The commission posed two questions to the audience packed with more than 500 people — How do you best add context to the statues of Confederates on Monument Avenue, and what statues of persons or events would you like to see added?
About half of the 40-plus speakers allowed during the two-hour meeting spoke in favor of adding some kind of context to the five Confederate monuments along the city’s tree-lined thoroughfare. The other half passionately asked that the statues either be taken down or left untouched.
Despite admonishment from Gregg Kimball, the commission co-chair and event moderator, audience members sporadically booed, jeered and interrupted the speakers. The speakers were selected through random numbers drawn by commission members. But as the comments became more fervent, the format was abandoned, and the audience became loud and raucous.
Jane Hoover said her maternal grandfather was one of many children who helped in the unveiling of the Jefferson Davis monument in the summer of 1907. She insisted the Confederate statues are all dedicated to honorable men.

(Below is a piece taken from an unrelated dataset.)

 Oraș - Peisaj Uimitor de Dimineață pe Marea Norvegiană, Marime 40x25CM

“Remove not the ancient landmarks which thy have set,” Ms. Hoover quoted from the Bible’s Book of Proverbs. “Nobody publicly contextualizes or judges Maggie Walker, Arthur Ashe or the Lincoln monuments in Richmond. Who are you to publicly contextualize or judge Maury, Lee, Stuart, Jackson and President Davis’ monuments?”

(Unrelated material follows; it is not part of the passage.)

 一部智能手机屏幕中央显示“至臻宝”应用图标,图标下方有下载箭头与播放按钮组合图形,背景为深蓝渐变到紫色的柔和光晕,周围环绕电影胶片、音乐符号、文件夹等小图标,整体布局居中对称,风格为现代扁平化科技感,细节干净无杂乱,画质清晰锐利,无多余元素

“Only the ignorant, uneducated people will look upon these statues as a hateful, racist symbol,” said Kathleen Beilstein, who said the statues should remain untouched.
“If Mayor (Levar M.) Stoney has his way with the added context, I hope it will be beautiful plaques and not mar or degrade these bigger than life historic statues which represent our heritage.”
But many speakers said the statues should be removed.
“I stand here on the backs of my ancestors who helped build Virginia. However, I do not see that reflected on Monument Avenue,” said Thelma Brown.
The appropriate “context,” she argued, belongs in school lessons, not on the monuments along the avenue. “They should go down. There’s nothing heroic about it and it’s painful to this day.”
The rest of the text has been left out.